TASK GOAL -> Give back every record below in full and exactly, but without a single image.

PROVIDED DATA ->

▽

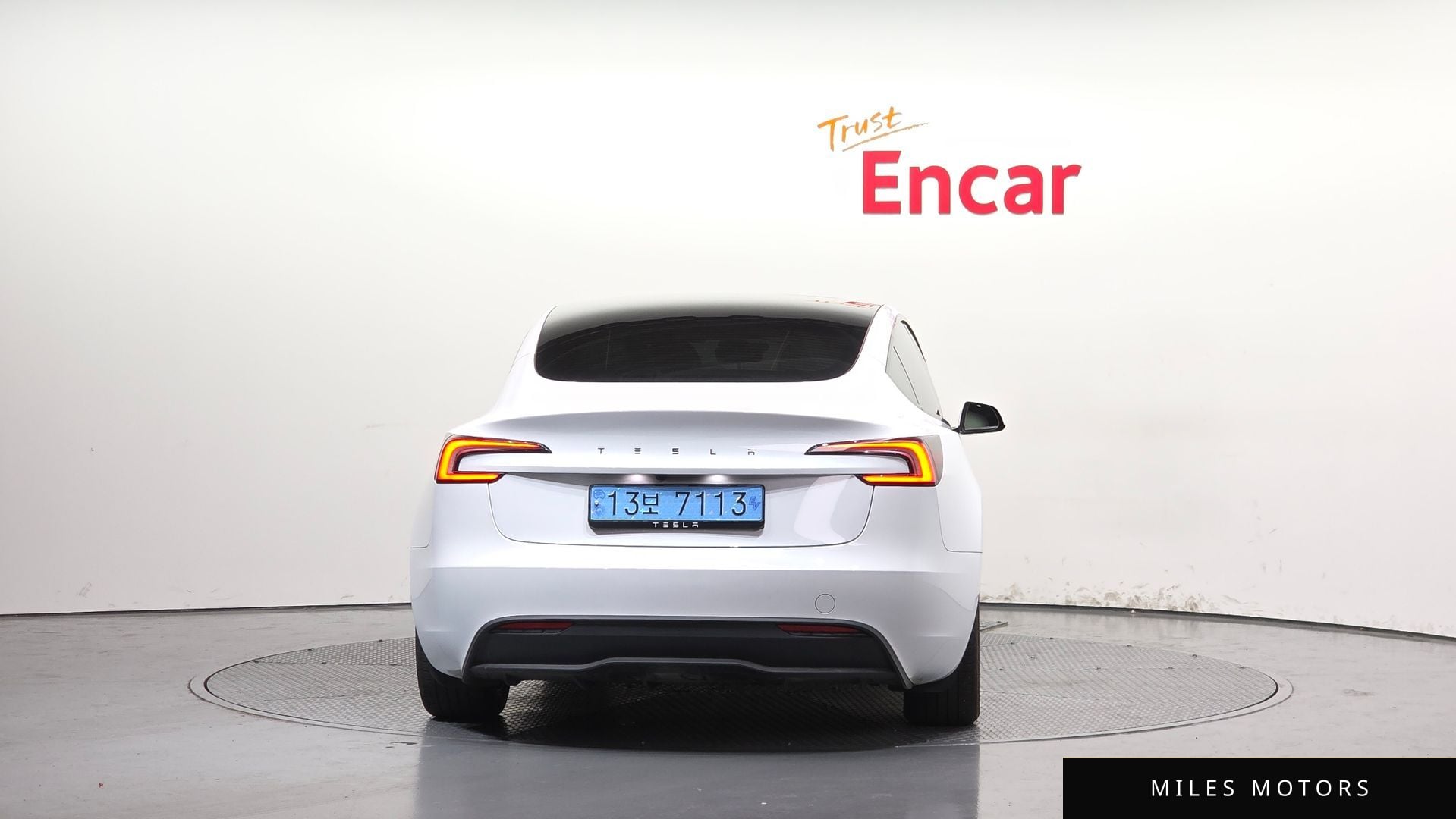 Tesla Model 3 2024 — миниатюра 4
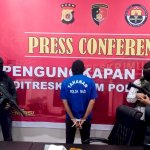 AB atau Toke AW, yang diterapkan sebagai tersangka aktor intelektual penembakan dua petani warga Indrapuri, dikawal ketat oleh dua polisi di Mapolda Aceh, Senin (6/6)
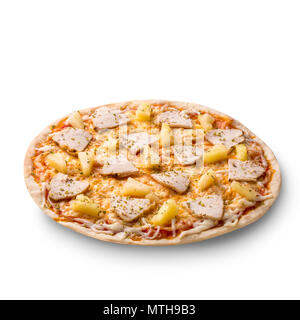 Una deliziosa pizza italiana con ananas e filetto di pollo isolati su sfondo bianco Foto Stock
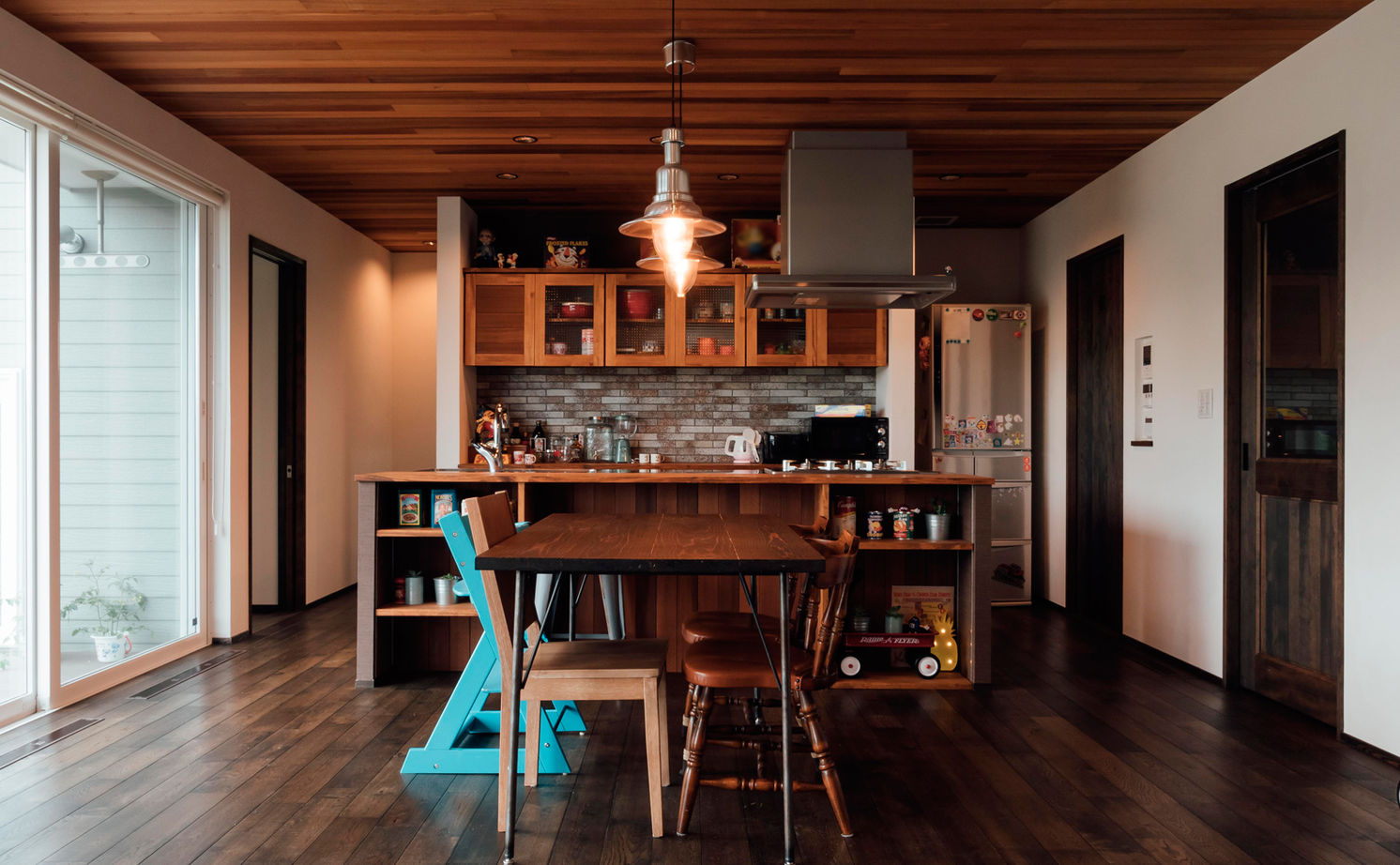 チェックハウス 【平屋/インナーガレージ/全館空調】アメリカンなガレージはまるでショップ！愛車と楽しむリゾートな平屋の建築実例画像5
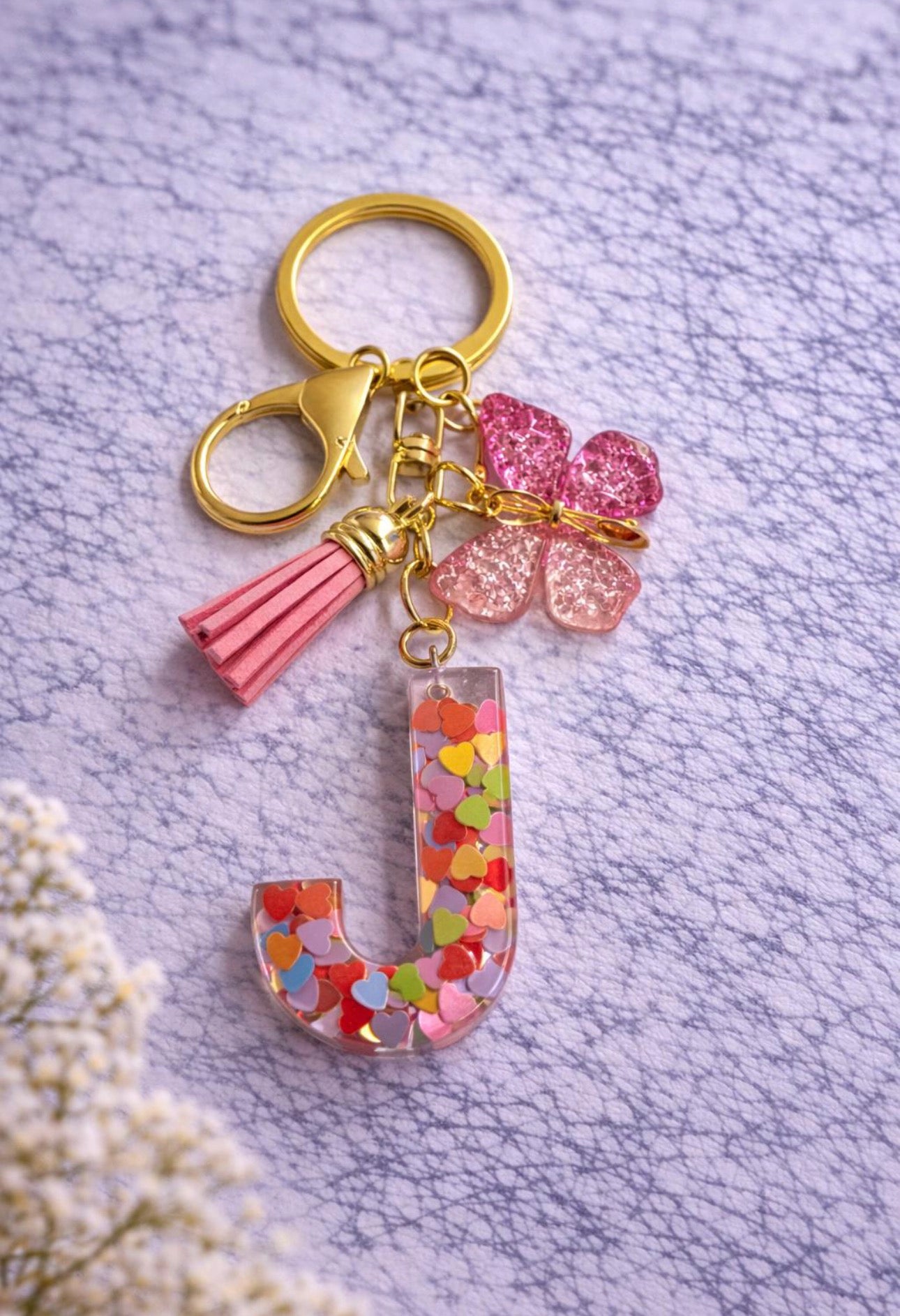 Portachiavi Lettera Iniziale Personalizzata in Resina con Cuoricini colorati - Regalo Unico per Lei,Amica,Compleanno - Accessorio Borsa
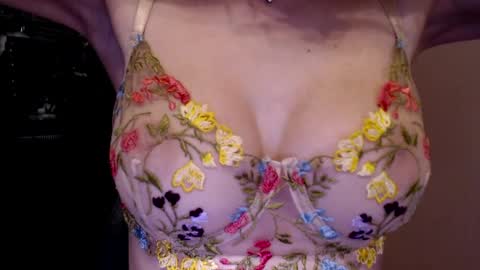 Lily online show from 01-07-25, 10:43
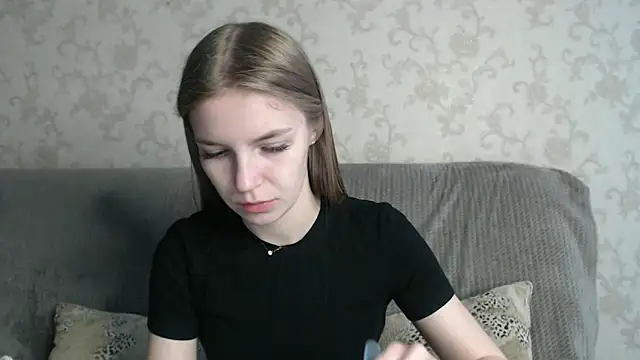 HitGyrl online show from 04-23-26, 01:18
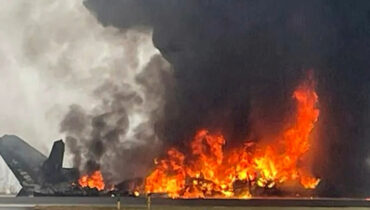 നോർത്ത് കരോലിന വിമാനത്താവളത്തിൽ ലാൻഡിംഗിനിടെ ബിസിനസ് ജെറ്റ് തകർന്നുവീണ് തീപിടിച്ചു; ഏഴ് മരണം;  മരിച്ചവരിൽ നാസ്കാർ മുൻ ഡ്രൈവർ ഗ്രെഗ് ബിഫിളും കുടുംബവും,  വീഡിയോ പുറത്ത്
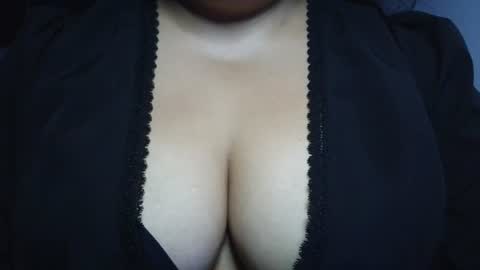 Snapshot of prettycarla_ chatting on July 13, 2026, 12:35 am prettycarla online show from July 13, 2026, 12:35 am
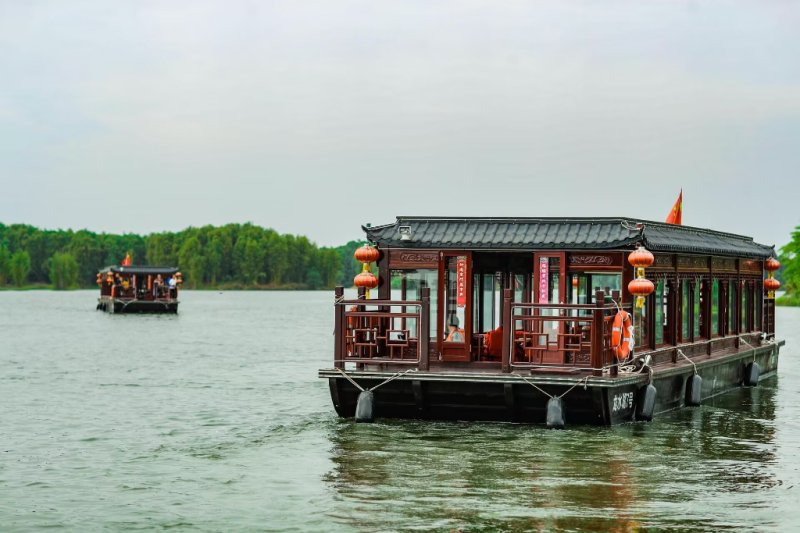 龙水湖画舫.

△

RESPONSE AREA ->
 Tesla Model 3 2024 — миниатюра 4
 AB atau Toke AW, yang diterapkan sebagai tersangka aktor intelektual penembakan dua petani warga Indrapuri, dikawal ketat oleh dua polisi di Mapolda Aceh, Senin (6/6)
 Una deliziosa pizza italiana con ananas e filetto di pollo isolati su sfondo bianco Foto Stock
 チェックハウス 【平屋/インナーガレージ/全館空調】アメリカンなガレージはまるでショップ！愛車と楽しむリゾートな平屋の建築実例画像5
 Portachiavi Lettera Iniziale Personalizzata in Resina con Cuoricini colorati - Regalo Unico per Lei,Amica,Compleanno - Accessorio Borsa
 Lily online show from 01-07-25, 10:43
 HitGyrl online show from 04-23-26, 01:18
 നോർത്ത് കരോലിന വിമാനത്താവളത്തിൽ ലാൻഡിംഗിനിടെ ബിസിനസ് ജെറ്റ് തകർന്നുവീണ് തീപിടിച്ചു; ഏഴ് മരണം;  മരിച്ചവരിൽ നാസ്കാർ മുൻ ഡ്രൈവർ ഗ്രെഗ് ബിഫിളും കുടുംബവും,  വീഡിയോ പുറത്ത്
 Snapshot of prettycarla_ chatting on July 13, 2026, 12:35 am prettycarla online show from July 13, 2026, 12:35 am
 龙水湖画舫.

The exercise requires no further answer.